One thing to keep from this paragraph is that the global meta-mind of the group is more powerful than a single individual behavior and that a group big enough can live alone and diverge from the main branch of its specie.
No one survives alone, the world is made of multiple beings all sharing the same cozy place. You can replace the word environment in all the other paragraphs by symbiosis or system biology (depending on the scale you want to look at).
Be it beneficial or not, any interactions from one specie to another creates a snowball effect. Food chains, infections, viruses, relationships, climate change, etc.. It goes on and on.
A very simple implementation of interspecies interaction is the Bask Sneppen model.
The model dynamics repeatedly eliminates the least adapted species and mutates it and its neighbors to recreate the interaction between species.
Issues With Implementation
I emailed a specialist in EV (Evolutionary programming), Peter Grogono and got some nice insights on the problems faced when implementing evolutionary programming. I’ll introduce some of them in this paragraph. If you want to read more about it, he has written some excellent papers on the subject such as Laws and Life.
Evolutionary programming is mainly used in optimization problems where you have a function F (fitness function) and want to assign the best value to the parameters.
The problem arise when the developers are choosing those parameters and on what space they can evolve on.
The parameter space may be very large. In fact EP is used precisely because it provides an efficient way of searching large spaces. But the parameter space may also be too small in the sense that it restricts the solution to possibilities imagined by the designer.
For example, I recall a fascinating paper about simulating the evolution of an eye: good vision was achieved in only 800000 generations. The parameters of the simulation included tissue transparency light sensitivity refractive index etc. Clearly this simulation could not produce an ear!
Nature has no such restrictions. At some time a mutation produced by chance one of the opsin proteins. These proteins have the interesting property that a photon can cause a change in structure that can be detected chemically. From there it’s only a few million years to an eye. Bottom-up not top-down.
Defining the genome itself in a program is a huge problem in itself. It means defining genes parameters, what compose them. Peter Grogono’s solution was to ignore the genes and instead use some sort of meta-program which evolve itself through generations. However, this approach leads to more complications.
This replaces the genome by an evolving program which is open-ended but leads to The robustness problem. How do you design a programming language in which small changes to the source code yield small changes in the behaviour? How do you avoid programs evolving to exploit freaks of the specification? Many problems here!
The stability problem. Why are some features more stable than others? I find it comforting that dinosaurs had five fingers just as I do. But why is the number of fingers more stable than say the function of the small bones in my ear which dinosaurs used to eat with?
It’s extremely complex to approach the implementation of real evolution in a programming language. Programming is meant to have strict mathematical rules. As we said earlier in this paragraph, EP is used to optimize a function but what are we optimizing in the case of a life form?

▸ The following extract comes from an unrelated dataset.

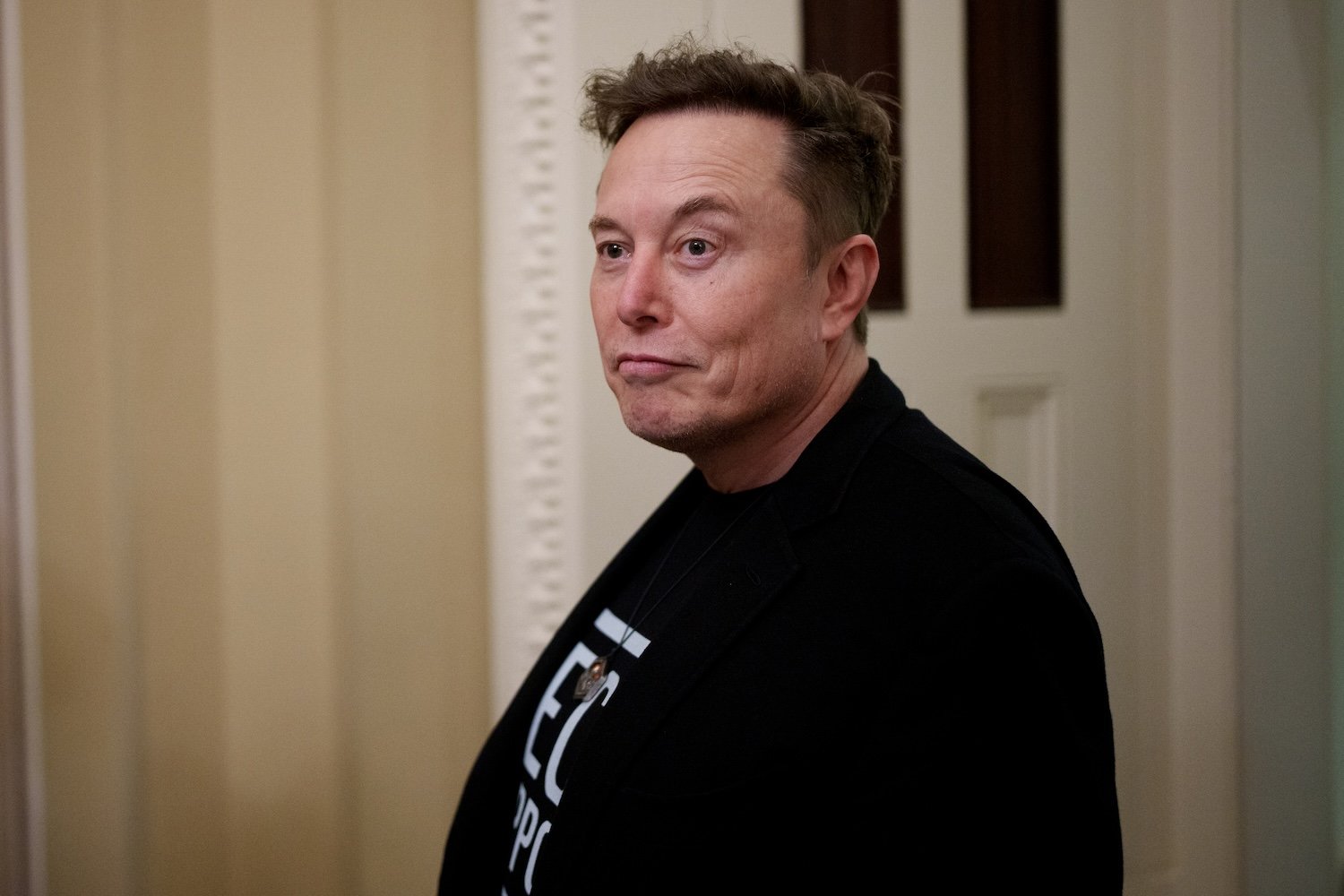 Elon Musk, Özelleştirme, ABD Posta Servisi, Amtrak, Oligarşi, DOGE, Ulaştırma, Demiryolu, Hyperloop, Donald Trump, Kongre, Finansman, SpaceX, ABD Anayasası, Posta Maddesi, Eğitim Bakanlığı, Siyaset, Ekonomi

The fitness function problem. Practical EP works by evolving organisms that achieve high (or low) values of the fitness function. But what is the fitness function of a sparrow? To fly high and fast? To see well? To avoid being eaten by a hawk? No: the only thing that evolution can do for a sparrow is to help it produce more sparrows. The “fitness function” becomes a tautology.
It becomes even more complex when the environmental factors are introduced, preys and predators for instance.
The adaptation problem. Consider the following taken from your blog:
“Lets say for example that a certain animal has white fur. Someday one of the male grows black fur and coincidently from a mutation turns out to be a bit stronger. He is lucky and mate with multiple females. This might give rise to a new generation where females are more attracted to black fur and males with black fur are more resistant.”
There are three immediate assumptions:
- strength (whatever that is!) is under genetic control
- fur colour is under genetic control
- the same gene or cluster of genes affects both strength and fur colour.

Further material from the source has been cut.